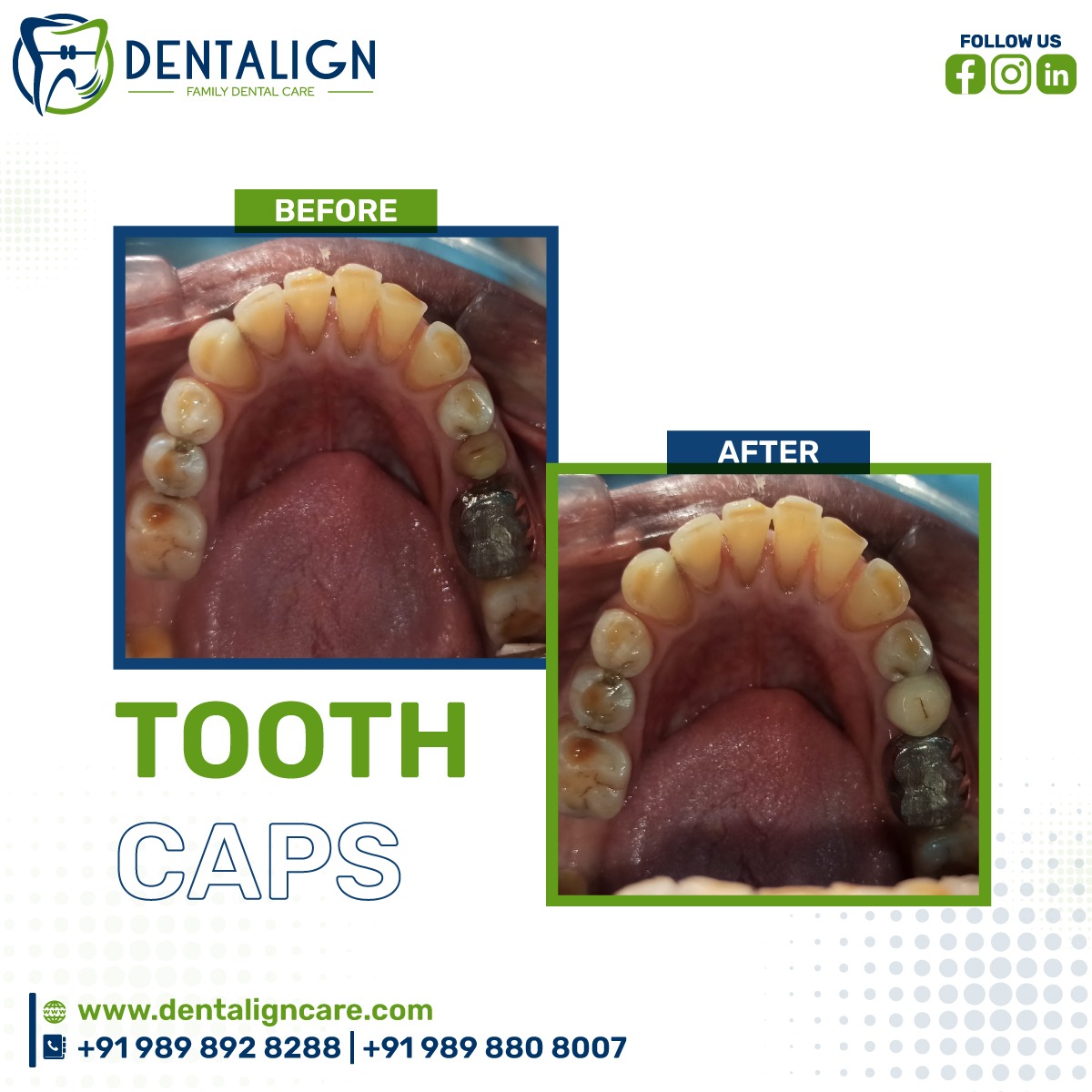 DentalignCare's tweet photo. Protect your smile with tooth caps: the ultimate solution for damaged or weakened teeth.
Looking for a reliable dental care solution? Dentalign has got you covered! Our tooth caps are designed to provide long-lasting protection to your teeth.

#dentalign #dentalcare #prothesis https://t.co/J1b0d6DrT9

---

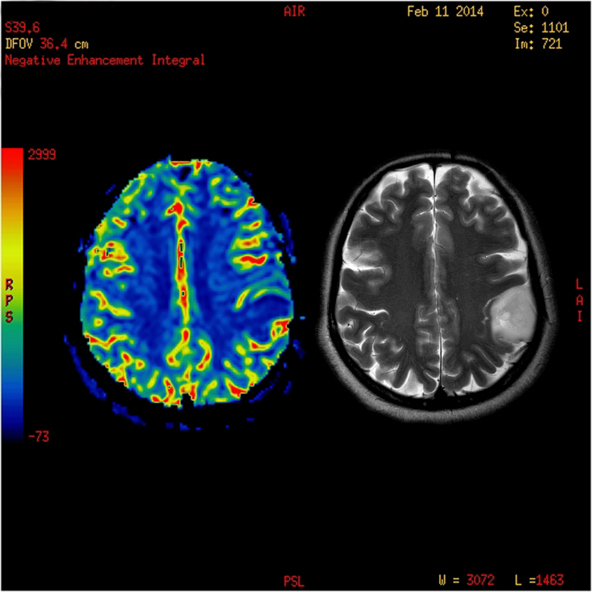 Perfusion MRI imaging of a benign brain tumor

- **TASK TO COMPLETE**: Return exactly the lines that appear in the data above between the line containing "DentalignCare's tweet photo." and the line containing "#dentalign #dentalcare #prothesis", both of which are included, and leave the pictures out.

- **FINISHED EXERCISE**:
 DentalignCare's tweet photo. Protect your smile with tooth caps: the ultimate solution for damaged or weakened teeth.
Looking for a reliable dental care solution? Dentalign has got you covered! Our tooth caps are designed to provide long-lasting protection to your teeth.

#dentalign #dentalcare #prothesis https://t.co/J1b0d6DrT9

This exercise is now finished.